**EXERCISE DATA:**
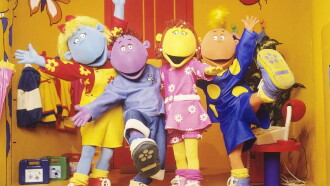 Tweenies - Song Time: The Complete Collection Trailer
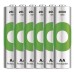 GP Recyko NiMH akkumulátor HR6 (AA) 2600mAh 6db/bliszter GP Recyko NiMH akkumulátor HR6 (AA) 2600mAh 6db/bliszter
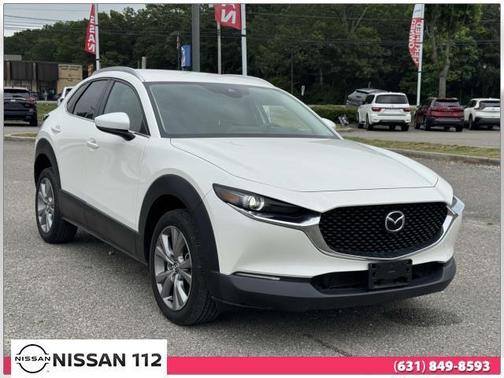 2022 Mazda CX-30 2.5 S Select Package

**EXERCISE:** The data must come back word for word, with every picture removed.

**REPLY TO THE EXERCISE:**
 Tweenies - Song Time: The Complete Collection Trailer
 GP Recyko NiMH akkumulátor HR6 (AA) 2600mAh 6db/bliszter GP Recyko NiMH akkumulátor HR6 (AA) 2600mAh 6db/bliszter
 2022 Mazda CX-30 2.5 S Select Package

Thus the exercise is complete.